2023-12-11 (月)(令和5年癸卯)<旧暦 10 月 29 日>(友引 癸卯 三碧木星) Daniel Daniela    第 50 週 第 27334 日

 

京都・嵯峨野の北方の山奥に高雄といふところがある。文覚は京に戻るとそこに住んだ。神護寺といふ山寺がある。昔、称徳天皇の御時、和気清麻呂が建てた伽藍である。長く修理されることもなかったので、春は霞に立ち込められ、秋は霧に交はり、扉は風に倒れて落葉の下に朽ち、甍は雨露にをかされて、仏壇もむき出しである。そこに住んで管理するお坊さんも居ないので、まれにさしいるものといへば、月日の光だけである。「これは何とかしなければいけない」文覚はさう思ひたって勧進帳を書いた。
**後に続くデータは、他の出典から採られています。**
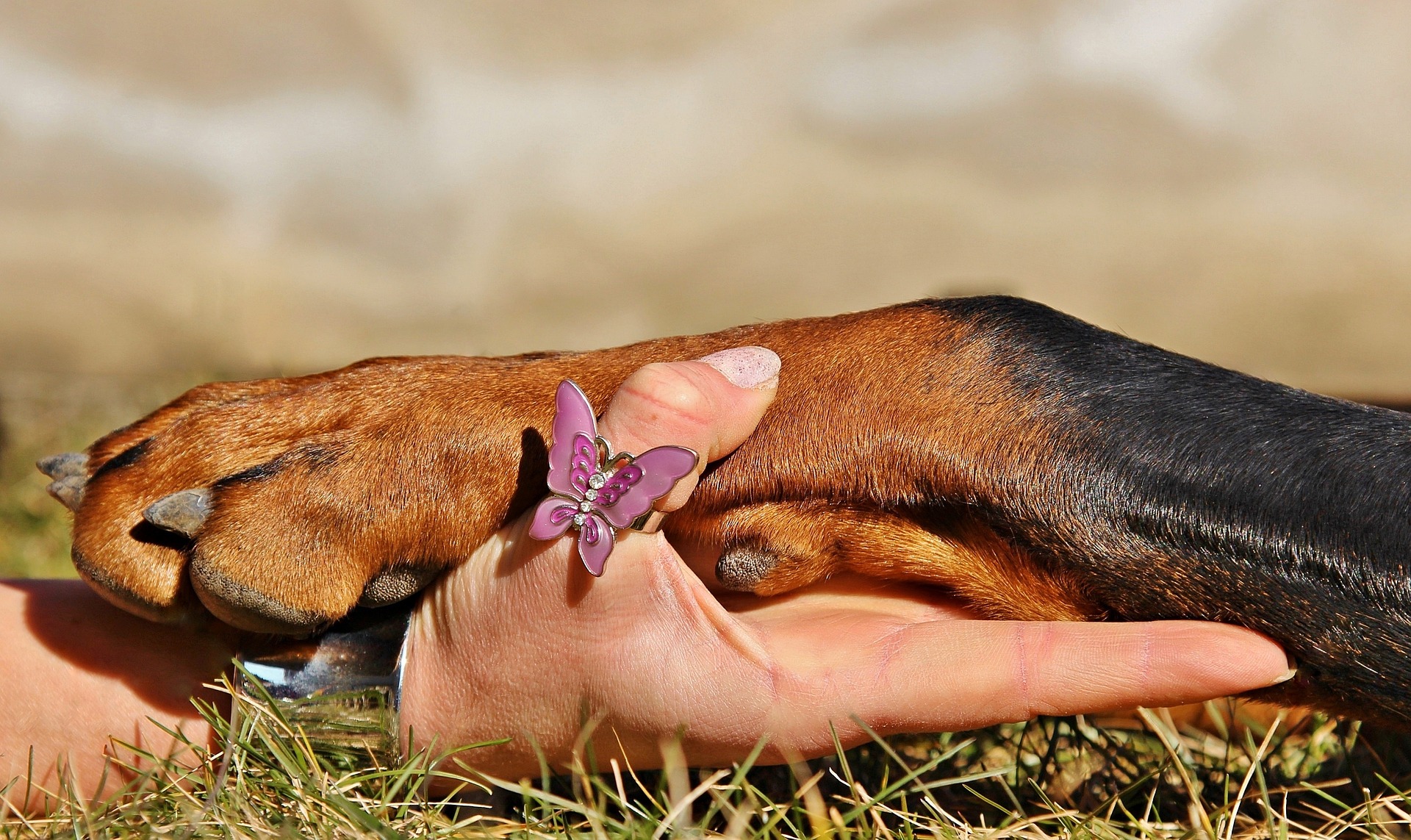 Unghia rotta del cane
勧進帳とはお寺の縁起などを書いたもので、それを見せて説明し、人々から寄付を集めやうとしたわけである。施主になってくれる人を探して方々を回った。ある時、院御所・法住寺殿へもやってきた。「寄付をお願ひします」と大声で呼ばはるのだが、どうも奥の方で管弦を奏してゐるやうで、誰も応対に出てくれない。文覚は天性不敵第一の荒聖(あらひじり)である。御前の事情はよくわからないけれども、ちょっと失礼しますよと言って、遠慮なくお庭の方へ破って入ってしまった。さうして大音声をあげて、「法皇様は慈悲深い君であらせられます。どうしてこのお願ひを聞いてくださらないことがあるでせうか」と言って、その場で勧進帳をひきひろげ、高らかに読み始めたのであった。

気温はプラスだが、時々雪が降った。